6. These are legal proceedings and not a point scoring debating competition. As I am directing that the matter goes back for a re-hearing, I merely suggest that both representatives might care to take the opportunity to take stock and to lower the temperature of these proceedings. Some of the more acrimonious exchanges in these proceedings have generated more heat than light, which arguably do not help the appellant and certainly do not assist the tribunal in ensuring that the key issues are addressed.

 

The decisions under appeal to the First-tier Tribunal

 

7. The decision-making trail in this case is somewhat murky. However, on 11 March 2008 the local authority plainly decided that the appellant had been overpaid housing benefit and council tax benefit from 1 April 2005. They sent him a letter with detailed calculations to that effect, which was plainly an entitlement decision (Document no. 41, p.185, in the original tribunal bundle). It is a (presumably) computer-generated letter which is long on information and short on explanation. I have to say that the basis for the decision changing his past benefit entitlement is less than clear from that letter.

 

8. A clue, buried in the calculation sheets, was a reference to “private pension £6.76” (probably a misprint for £6.78). This presumably referred back to the housing benefit claim form completed by the claimant in January 2008, in which he declared that he had a “private pension paid by Scottish Equitable”, worth £6.78 a week, and which had been in payment since “2003 approx… paid every August”. Elsewhere on the same form he described it as a “private pension (annuity) of… £352.68 net on 1st of August each year”.

 

9. On 11 March 2008 the local authority also sent a parallel letter (Document no. 42, p.221) stating that the total housing benefit overpayment was £199.09 and the total excess council tax benefit was £60.22. The period covered by the overpayment was said to be 1 April 2005 to 19 August 2007. This was presumably meant to be the overpayment recoverability decision letter. Again, however, the letter stated that the appellant’s claim “has been revised”, but with no further explanation as to why. I have to say that if I were the appellant, and I had received both letters three months after completing the claim form referred to in the previous paragraph, I would probably be at a loss to understand why the claim had been revised.

 

10. On 16 April 2008 the local authority sent a further letter (Document no. 43, p.221), described in its Schedule of Evidence as a “notification of finalised recoverable overpayment of housing benefit”. This referred to an overpayment of housing benefit of £173.12, but with no explanation as to why it had been reduced from £199.09, even though it related to the same period. At least this letter explained that “an overpayment has occurred because you had an increase in your income”. The appellant then lodged an appeal.

 

11. On 4 June 2008, after the appeal had been lodged, the local authority sent out new letters. The first letter, relating to housing benefit, stated that the appellant had been overpaid for the earlier period from 2 August 2003 until 24 October 2004 (Document no. 47.1, p.234). A second letter of the same date related to both housing benefit and council tax benefit; the housing benefit end date for this latter was 8 August 2004, and the amounts and periods were not identical to the first letter. This letter also referred to excess council tax benefit for the period 13 August 2003 to 24 October 2004. Other letters dated 4 June 2008 quantified the overpayments as amounting to £271.42 (housing benefit) and £65.64 (council tax benefit) (Document no. 48, p.262).

 

12. There was then yet another letter from the local authority, this time dated 11 June 2008 (Document no. 51, p.270). This itemised benefit entitlements for periods from 9 August 2004 to 10 December 2006. An accompanying letter declared the housing benefit overpayment to be £21.81 and excess council tax benefit £7.06 but in relation to 25 October 2004 to 31 March 2005.

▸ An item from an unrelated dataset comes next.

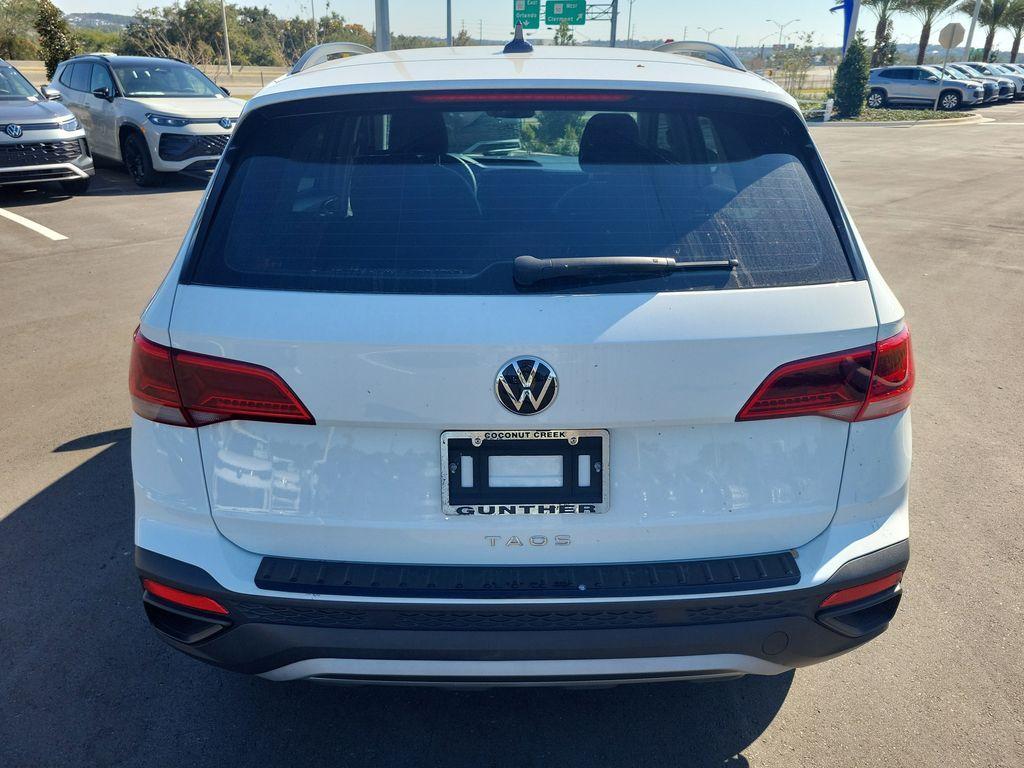 used 2023 Volkswagen Taos car, priced at $19,495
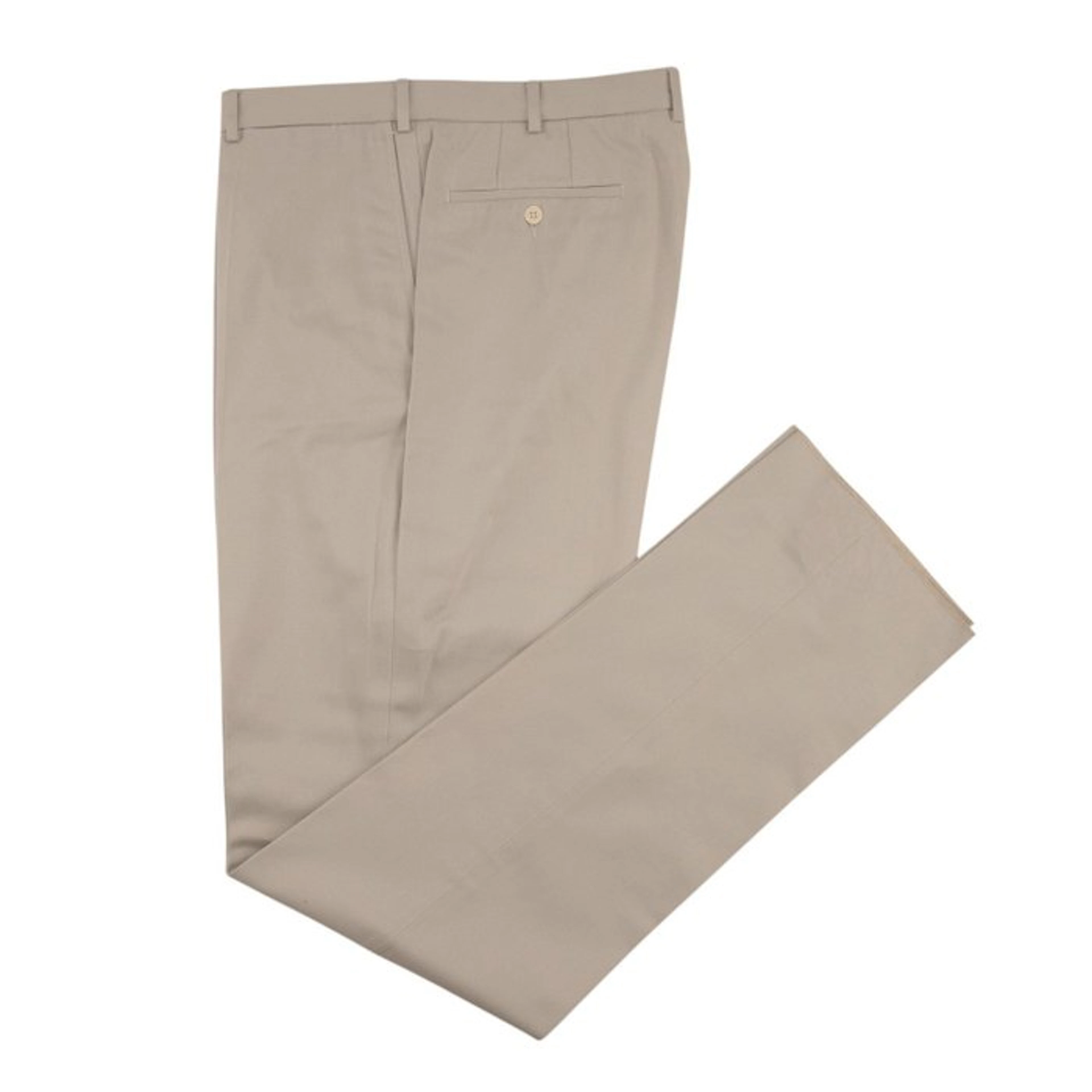 BURBERRY LONDON - 58 IT - Beige Chino Pant Twill Cotton...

13. The local authority’s appeals officer also wrote a more detailed letter of explanation to the appellant on 11 June 2008, which formed the basis of the local authority’s case to the tribunal. This described the total housing benefit overpayment as £415.16 and the excess council tax benefit as £193.14. The housing benefit amount was reached by adding together the previously notified figures of £271.42 and £21.81 to make £293.23, and then reducing it to £242.04 because of a period on jobseeker’s allowance, and then adding that revised figure to £173.12, so making a total of £415.16. The letter did not explain how the stated total council tax benefit excess figure of £193.14 had been arrived at, given that the previously notified amounts of £60.22, £65.64 and £7.06 amounted to just £132.92.

 

14. I have gone through this series of letters in some detail as I harbour serious doubts as to whether the local authority’s original letters in March 2008, and indeed several of the subsequent letters, complied with the notification requirements set out in paragraph 15 of Schedule 9 to the Housing Benefit Regulations 2006 (SI 2006/213). In particular, it is by no means clear that they included a statement as to “the reason why there is a recoverable overpayment”. However, ultimately I do not think that the appellant suffered has significant prejudice, given that by the end of the process the local authority had sought to explain the basis for its decision (see Haringey LBC v Awaritefe (1999) 32 HLR 517 and Commissioners’ decisions R(H) 1/02 and CH/4943/2001).

 

15. The appellant’s representative then submitted a detailed 7-page submission on his behalf to the First-tier Tribunal, which heard his appeal on 18 February 2009, challenging a number of points made by the local authority.

 

The First-tier Tribunal’s decision

 

16. The First-tier Tribunal dismissed the appeal. The Decision Notice issued on the day stated that the decisions of 11 March 2008 in relation to both housing benefit and council tax benefit were confirmed and that there were recoverable overpayments of £173.12 and £242.04 (i.e. £415.16) in relation to the housing benefit decision and £60.22 and £72.70 (i.e. £132.92, and not £193.14) with regard to council tax benefit. Those amounts were also confirmed in the more detailed Statement of Reasons.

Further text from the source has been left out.